PROVIDED DATA ▸

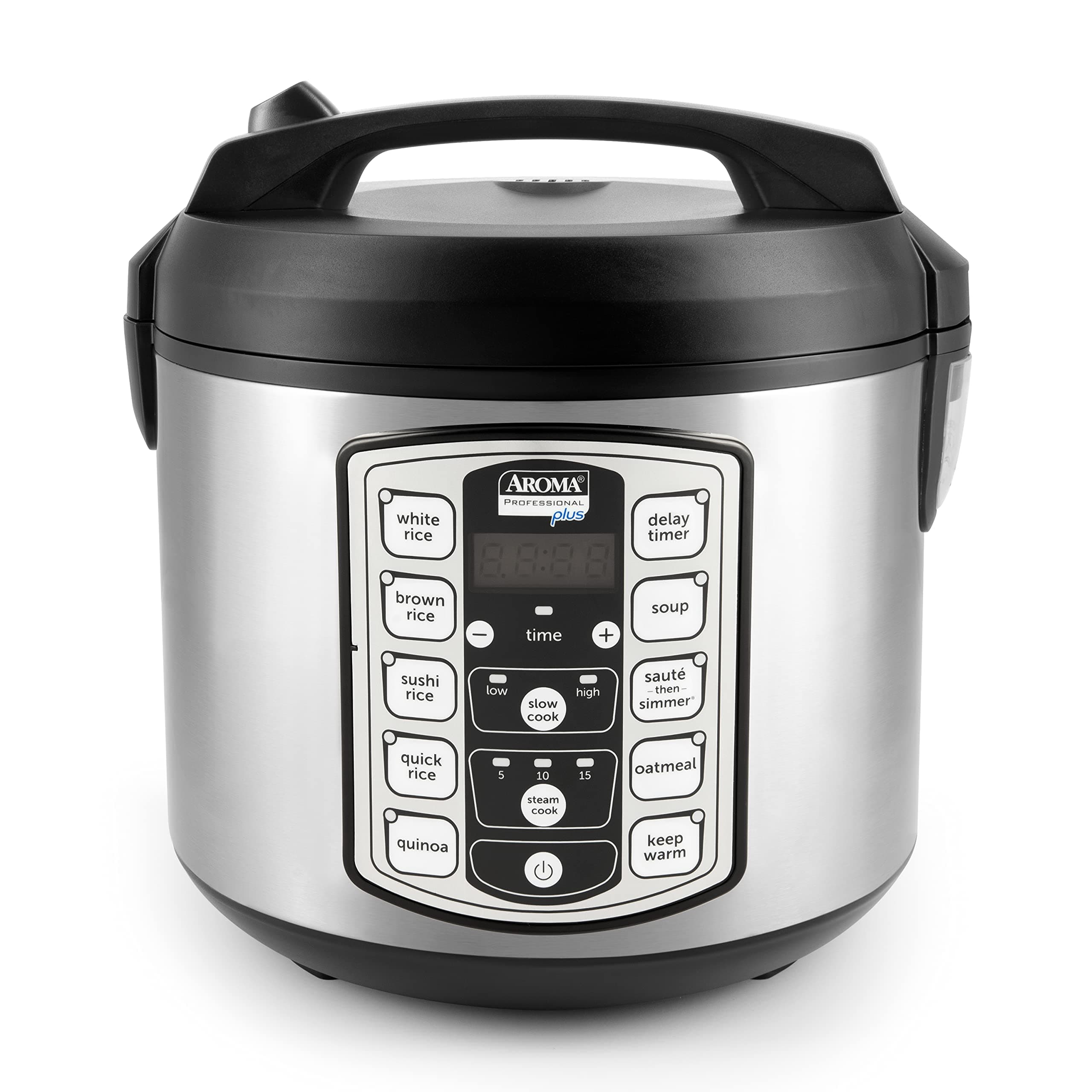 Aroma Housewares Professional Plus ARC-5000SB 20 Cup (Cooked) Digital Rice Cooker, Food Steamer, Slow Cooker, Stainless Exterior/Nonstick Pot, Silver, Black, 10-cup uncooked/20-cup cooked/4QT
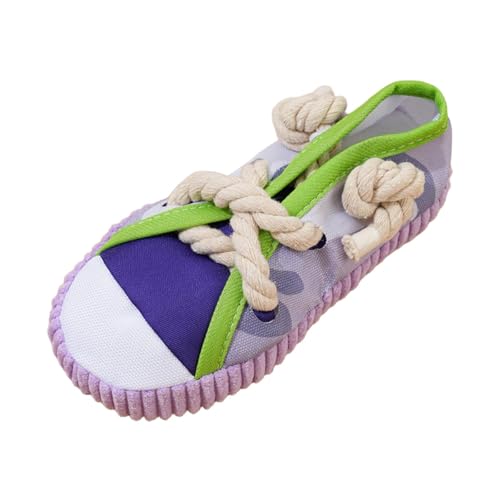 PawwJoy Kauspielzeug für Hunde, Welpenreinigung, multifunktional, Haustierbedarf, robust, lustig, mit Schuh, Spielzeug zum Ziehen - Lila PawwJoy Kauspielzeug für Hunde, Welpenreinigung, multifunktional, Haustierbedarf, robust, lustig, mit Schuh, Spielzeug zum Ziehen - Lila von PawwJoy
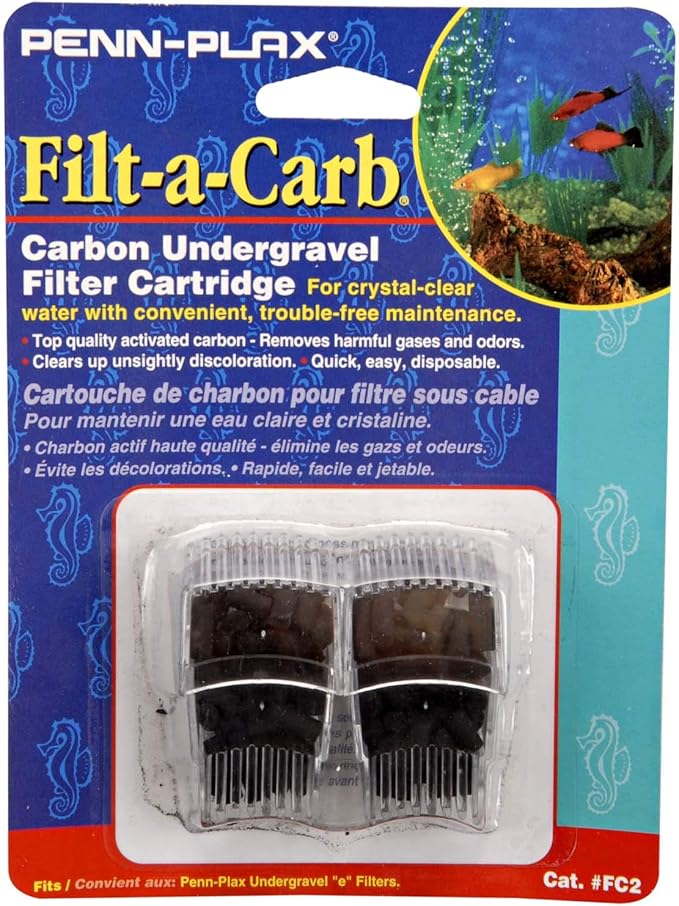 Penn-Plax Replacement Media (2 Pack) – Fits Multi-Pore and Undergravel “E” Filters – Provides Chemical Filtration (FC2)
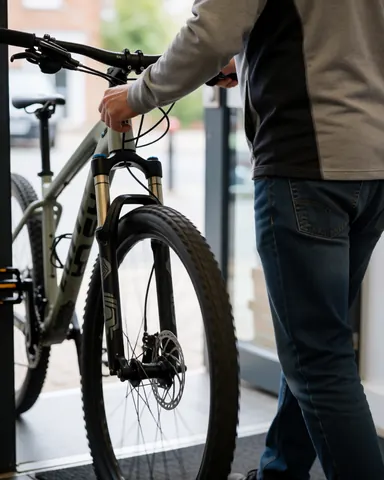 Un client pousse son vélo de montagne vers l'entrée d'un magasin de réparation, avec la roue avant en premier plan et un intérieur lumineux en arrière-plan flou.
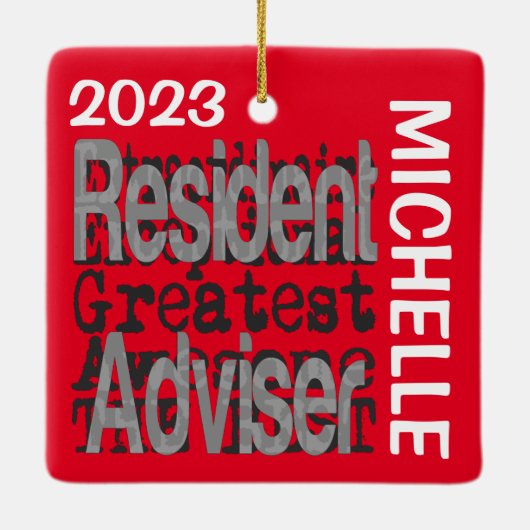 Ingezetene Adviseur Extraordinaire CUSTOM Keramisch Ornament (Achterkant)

INSTRUCTIONS TO FOLLOW ▸ Copy nothing but the lines above from the one with "Lila von PawwJoy" through the end of the material, word for word, and drop the pictures.

TASK SOLUTION ▸
 PawwJoy Kauspielzeug für Hunde, Welpenreinigung, multifunktional, Haustierbedarf, robust, lustig, mit Schuh, Spielzeug zum Ziehen - Lila PawwJoy Kauspielzeug für Hunde, Welpenreinigung, multifunktional, Haustierbedarf, robust, lustig, mit Schuh, Spielzeug zum Ziehen - Lila von PawwJoy
 Penn-Plax Replacement Media (2 Pack) – Fits Multi-Pore and Undergravel “E” Filters – Provides Chemical Filtration (FC2)
 Un client pousse son vélo de montagne vers l'entrée d'un magasin de réparation, avec la roue avant en premier plan et un intérieur lumineux en arrière-plan flou.
 Ingezetene Adviseur Extraordinaire CUSTOM Keramisch Ornament (Achterkant)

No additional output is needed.